Impact of Cryopreservation on Viability, Phenotype, and Functionality of Porcine PBMC

The use of frozen peripheral blood mononuclear cells (PBMC) is common in immunological studies. The impact of freezing PBMC has been assessed using human and mice cells, but little information is available regarding domestic animals. In the present study, the phenotype and functionality of frozen porcine PBMC were examined.
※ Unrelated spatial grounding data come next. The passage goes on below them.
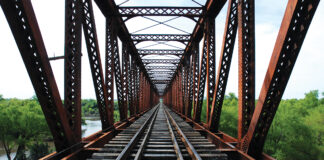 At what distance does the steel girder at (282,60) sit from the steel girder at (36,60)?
3952 millimetres

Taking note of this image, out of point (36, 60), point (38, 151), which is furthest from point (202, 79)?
point (38, 151)

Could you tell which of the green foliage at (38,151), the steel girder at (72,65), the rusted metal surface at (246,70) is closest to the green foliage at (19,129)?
the green foliage at (38,151)

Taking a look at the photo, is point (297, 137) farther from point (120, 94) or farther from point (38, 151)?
point (38, 151)

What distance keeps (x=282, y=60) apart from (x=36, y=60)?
4298 millimetres

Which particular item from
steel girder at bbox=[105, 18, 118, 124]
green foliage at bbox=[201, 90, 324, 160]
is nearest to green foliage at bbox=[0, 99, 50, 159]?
steel girder at bbox=[105, 18, 118, 124]

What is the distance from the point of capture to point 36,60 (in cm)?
351

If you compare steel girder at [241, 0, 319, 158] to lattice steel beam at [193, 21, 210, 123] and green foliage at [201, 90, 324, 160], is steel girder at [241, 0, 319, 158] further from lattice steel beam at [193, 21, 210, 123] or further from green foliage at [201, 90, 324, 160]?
green foliage at [201, 90, 324, 160]

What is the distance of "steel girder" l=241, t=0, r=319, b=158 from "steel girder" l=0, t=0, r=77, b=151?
3.95 metres

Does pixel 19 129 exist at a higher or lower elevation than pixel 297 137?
higher

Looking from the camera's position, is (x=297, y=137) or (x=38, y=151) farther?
(x=38, y=151)

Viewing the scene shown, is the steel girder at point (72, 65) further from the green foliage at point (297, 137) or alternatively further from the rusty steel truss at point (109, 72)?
the green foliage at point (297, 137)

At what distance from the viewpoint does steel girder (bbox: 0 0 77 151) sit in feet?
10.4

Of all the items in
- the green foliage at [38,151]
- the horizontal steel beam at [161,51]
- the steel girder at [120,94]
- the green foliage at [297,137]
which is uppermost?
the horizontal steel beam at [161,51]

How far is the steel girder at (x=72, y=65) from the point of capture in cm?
453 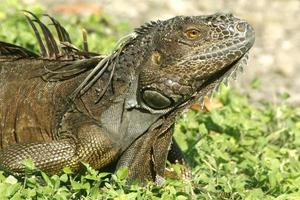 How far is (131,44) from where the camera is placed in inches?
250

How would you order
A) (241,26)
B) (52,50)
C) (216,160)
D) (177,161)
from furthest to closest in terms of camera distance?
(216,160) → (177,161) → (52,50) → (241,26)

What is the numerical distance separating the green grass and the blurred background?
2.39 feet

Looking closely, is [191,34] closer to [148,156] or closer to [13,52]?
[148,156]

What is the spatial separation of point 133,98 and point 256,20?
18.9 ft

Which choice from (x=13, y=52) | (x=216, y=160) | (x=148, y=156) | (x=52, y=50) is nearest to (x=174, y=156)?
(x=216, y=160)

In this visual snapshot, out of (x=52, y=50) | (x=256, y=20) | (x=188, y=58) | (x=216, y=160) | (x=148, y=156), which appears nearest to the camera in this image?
(x=188, y=58)

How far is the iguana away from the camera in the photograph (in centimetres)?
615

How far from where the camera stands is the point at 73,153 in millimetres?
6176

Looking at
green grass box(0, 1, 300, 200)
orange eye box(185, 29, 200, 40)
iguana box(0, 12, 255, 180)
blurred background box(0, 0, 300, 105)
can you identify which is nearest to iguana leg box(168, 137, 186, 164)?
green grass box(0, 1, 300, 200)

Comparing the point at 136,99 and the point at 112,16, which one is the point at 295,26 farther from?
the point at 136,99

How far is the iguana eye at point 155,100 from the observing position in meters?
6.16

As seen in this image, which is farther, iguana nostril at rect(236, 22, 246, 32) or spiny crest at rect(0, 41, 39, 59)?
spiny crest at rect(0, 41, 39, 59)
In a preliminary experiment, three freezing media: fetal bovine serum plus 10% dimethyl sulfoxide, PSC cryopreservation kit, and Cryostor CS10, were compared regarding the preservation of cell viability and the response of PBMC to mitogens after thawing. After being stored one month in liquid nitrogen, cell viability was above 89% for all freezing media. The ELISPOT IFN-gamma (IFN-γ) results in response to PHA and of IgG ELISPOT in response to R848+IL-2 were similar to those obtained using fresh PBMC. In the second set of experiments, PBMC were obtained from five pigs vaccinated against Porcine reproductive and respiratory syndrome virus (PRRSV) and then frozen using Cryostor CS10. Recovered cells were phenotyped by flow cytometry using anti-CD3, CD4, CD8, and CD21 antibodies and were used to assess the PRRSV-specific responses in a proliferation experiment, an IFN-γ ELISPOT, and an IgG ELISPOT, and compared to the results obtained with fresh cells. The antigen-specific responses of frozen cells were significantly (p<0.05) impaired in the proliferation assay, particularly for CD4/CD8 double-positive T-cells and for CD21+ cells. Freezing resulted in decreased proliferation when Con A, but not PHA, was used. In ELISPOT, cryopreservation resulted in a decreased frequency of IFN-γ-secreting cells in response to PRRSV (p<0.05) but the response to PHA was not affected. No differences were observed in the IgG ELISPOT after polyclonal activation. Taken together, cryopreservation of porcine PBMC had a significant impact on the magnitude of recall antigen responses and therefore, it may affect the response of effector/memory cells but seems not to have a major impact on naïve T-cells. These results may help to the better use of frozen porcine PBMC, and to the interpretation of the results obtained from them.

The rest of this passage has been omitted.